Com isso, a infraestrutura já foi quase toda construída e hoje o dinheiro pode ser canalizado para a melhoria do ensino. Além disso, o crescimento econômico de dois dígitos tem aumentado de forma extraordinária a verba destinada à educação — estima-se que tenha triplicado nos últimos dez anos. As famílias também são parte dessa história de sucesso. Os gastos privados com educação dispararam nos últimos anos. As famílias chinesas investem uma quantia que supera 2% do PIB — o dobro do percentual estimado para o Brasil. Parte desse esforço é destinada a suprir lacunas deixadas pelo próprio Estado chinês. Essa questão fica evidente no caso dos trabalhadores migrantes — cerca de 150 milhões de pessoas que deixaram o campo para trabalhar na construção civil e em fábricas nas cidades. Como não são moradores registrados, não têm acesso a serviços sociais locais, entre os quais as escolas. Para essas famílias, há duas alternativas. Uma é deixar os filhos no campo, onde é comum ter de pagar taxas “informais” para que possam ir à escola pública. A outra é colocá-los em uma das milhares de escolas privadas que proliferam nas cidades da costa.
A Sete Cores, uma escola num subúrbio de Pequim, conta atualmente com 480 alunos de 5 a 14 anos de idade. Mas, diferentemente da escola pública local, que atende à classe média, a Sete Cores cobra cerca de 390 reais por ano de famílias de migrantes. Uma de suas alunas é a menina Chen Yuem, de 11 anos, que mudou-se para Pequim em 2005. Seu pai ganha a vida coletando lixo para reciclagem. Se quiser levar à frente o sonho da graduação universitária, quando completar 14 anos, Chen terá de voltar para o interior, onde estão seus registros escolares oficiais.

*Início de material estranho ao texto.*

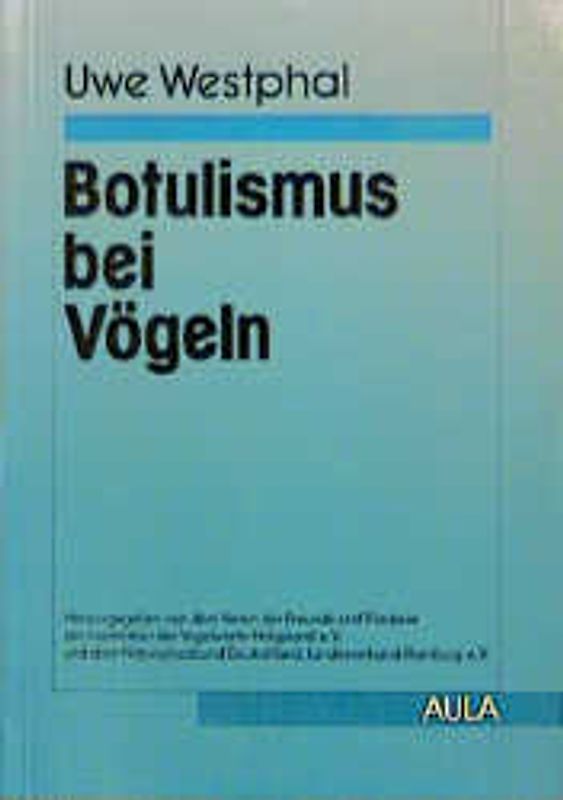 Botulismus bei Vögeln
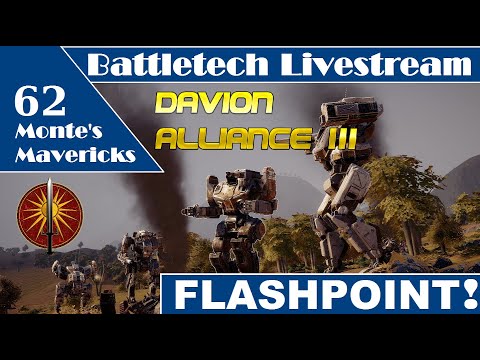 BattleTech FlashPoint - Davion Alliance III | Part 62 Monte's Mavericks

Por enquanto, a promessa de que todas as cidades oferecerão escolas públicas para filhos de migrantes continua sendo uma ideia — a única cidade que procura seguir a diretriz é Xangai.
A China tem avançado de forma impressionante na área do ensino e o resultado no teste da OCDE é apenas um dos exemplos. Para observadores de fora do país, no entanto, o perigo é achar que o progresso é homogêneo e no ritmo sugerido pelas estatísticas oficiais. De acordo com o governo, a evasão escolar é de 11% na zona rural, mas um estudo divulgado no início de 2010 por uma universidade chinesa comprovou que o verdadeiro número é 40%. Dados como a quantidade de crianças matriculadas são comunicados ao governo central por funcionários públicos que são avaliados, entre outras coisas, por avanços nessa área — e têm, portanto, um incentivo para inflacionar os números. Vale lembrar que o resultado combinado dos dados econômicos reportados anualmente por cada uma das 27 províncias supera consideravelmente o número do Departamento Nacional de Estatísticas, que coleta seus próprios dados do PIB.